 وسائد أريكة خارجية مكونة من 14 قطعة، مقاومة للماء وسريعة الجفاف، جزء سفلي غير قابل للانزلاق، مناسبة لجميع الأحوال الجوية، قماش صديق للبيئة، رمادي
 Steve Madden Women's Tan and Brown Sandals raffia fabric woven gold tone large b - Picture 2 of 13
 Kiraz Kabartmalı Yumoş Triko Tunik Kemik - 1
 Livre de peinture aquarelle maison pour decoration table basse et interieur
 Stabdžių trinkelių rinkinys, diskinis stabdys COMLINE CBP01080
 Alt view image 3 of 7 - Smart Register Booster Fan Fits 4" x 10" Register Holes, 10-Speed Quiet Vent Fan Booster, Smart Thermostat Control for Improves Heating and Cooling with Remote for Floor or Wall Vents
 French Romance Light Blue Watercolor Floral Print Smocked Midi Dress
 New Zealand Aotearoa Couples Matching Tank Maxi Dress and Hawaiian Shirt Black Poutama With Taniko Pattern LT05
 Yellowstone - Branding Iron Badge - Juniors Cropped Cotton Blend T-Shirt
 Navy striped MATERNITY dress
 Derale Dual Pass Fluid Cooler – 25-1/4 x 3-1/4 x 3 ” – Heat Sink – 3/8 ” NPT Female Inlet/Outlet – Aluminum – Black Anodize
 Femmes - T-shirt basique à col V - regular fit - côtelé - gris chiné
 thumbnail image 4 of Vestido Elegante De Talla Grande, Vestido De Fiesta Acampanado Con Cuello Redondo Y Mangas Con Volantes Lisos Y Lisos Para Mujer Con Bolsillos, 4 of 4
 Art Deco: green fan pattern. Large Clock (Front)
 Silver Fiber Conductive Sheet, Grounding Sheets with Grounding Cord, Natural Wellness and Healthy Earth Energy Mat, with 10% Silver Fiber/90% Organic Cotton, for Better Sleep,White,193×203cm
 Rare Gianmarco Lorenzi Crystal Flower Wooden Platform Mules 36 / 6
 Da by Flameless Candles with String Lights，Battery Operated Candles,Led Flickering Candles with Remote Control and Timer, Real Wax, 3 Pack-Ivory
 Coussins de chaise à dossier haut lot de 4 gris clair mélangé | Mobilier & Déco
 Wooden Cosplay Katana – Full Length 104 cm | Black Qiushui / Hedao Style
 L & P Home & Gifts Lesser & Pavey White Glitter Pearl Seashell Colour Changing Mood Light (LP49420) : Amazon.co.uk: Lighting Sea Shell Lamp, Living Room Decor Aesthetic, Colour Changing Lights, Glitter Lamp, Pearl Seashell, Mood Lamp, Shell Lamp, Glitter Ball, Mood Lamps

> **Assigned task**
Starting with the line above that holds "Da by Flameless" and stopping with the line that holds "Coussins de chaise", reproduce each line exactly, omitting all other lines.

> **Finished task**
 Da by Flameless Candles with String Lights，Battery Operated Candles,Led Flickering Candles with Remote Control and Timer, Real Wax, 3 Pack-Ivory
 Coussins de chaise à dossier haut lot de 4 gris clair mélangé | Mobilier & Déco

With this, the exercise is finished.